The latest installment in the Marvel Cinematic Universe, Doctor Strange tells the story of world-famous neurosurgeon Dr. Stephen Strange (Benedict Cumberbatch), who is as arrogant as he is gifted in an operating room. After a horrific car accident robs him of the use of his hands, changing his life forever, he is forced to look for hope in a mysterious enclave in Nepal, where he discovers a battle against unseen dark forces bent on destroying our reality and must learn to use his newly acquired magical powers to defend the world.

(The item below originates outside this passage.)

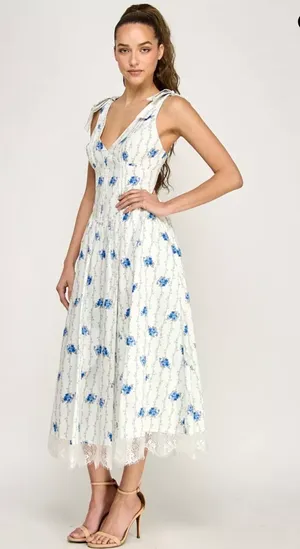 Tie- Shoulder Floral Printed V-Neck Midi Dress thumbnail 1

During this exclusive interview with Collider, screenwriter Jon Spaihts talked about how he convinced Marvel to give him the job writing the film, collaborating with director Scott Derrickson and Marvel producers Kevin Feige and Stephen Broussard, why Doctor Strange is his favorite childhood superhero, what it means to him to be a part of the canon now, what makes this film a game-changer for the Marvel Cinematic Universe, how much the story evolved and changed, and the fact that Benedict Cumberbatch was destined to play this part. He also talked about the extent of his involvement with Pacific Rim 2, how his take on The Mummy will be “legit terrifying,” and the approach that he and co-writer Eric Heisserer are taking on Van Helsing. Be aware that there are some spoilers discussed.

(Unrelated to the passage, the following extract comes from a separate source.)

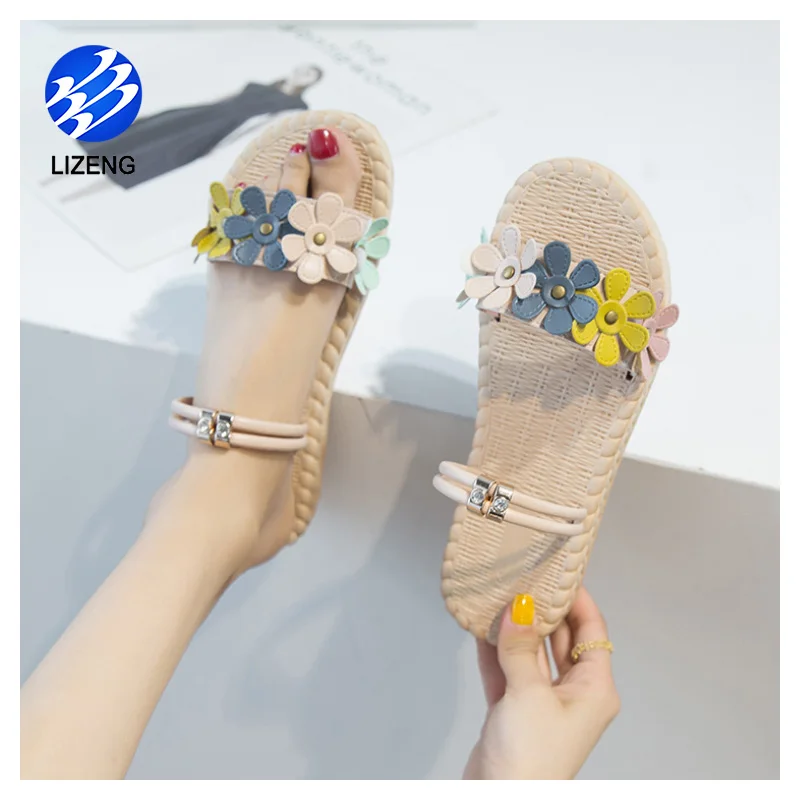 
Women Braided Slingback Flat Sandals Floral Bohemia Slipper Shoes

JON SPAIHTS: I was kind of a poor kid, so I didn’t get to go to comic shops, all the time. I would rummage at garage sales and friends would hand me down their comics, which meant I was always starting stories in the middle. If you read comic books over the long term, you’re always bumping into elements that have been introduced previously, but that you don’t know. Often, there’s a little note that says, “See Episode 68 of The Spectacular So-and-So.” In that way, comic books are always signaling a larger universe that you’re only seeing a little fraction of, and that’s the story we have, in real life. We move to a new city and we take a new job, and everyone seems to know each other and have a way of doing things together, and we have to put the pieces together, after the fact. Jumping into the middle of comics feels like that. It’s a big universe, and you’re just trying to put together the clues and figure out where you are.
Doctor Strange’s universe, in particular, was mind-boggling and colossal. The stakes were so big. The graphical style of it was so eye-catching with bold colors and symbols and writing that hung in the air, with inscriptions and bands of light. I loved that. I loved the look and the feeling of it. It felt very physical. It felt like solid structures of light. It felt like hard work for the body to create them and break them. I think Scott [Derrickson] has managed to capture something in this film that shows how the magic is physical, takes effort and has weight. It’s an extension of martial arts. But, I also just loved what Doctor Strange got up to. Not only did he learn to wield staggering cosmic power, but then he was constantly bumping up against adversaries far greater than he was. And as much above us as he already was, in terms of the things he was capable of doing, he was always outmatched and always forced to scramble desperately. By determination, cleverness and wit, and by the sometimes lawyer-like manipulation of the rules of magic, he would win. I loved that character. I loved that he was that powerful, and still always outgunned and just trying to hold the line and keep Earth safe.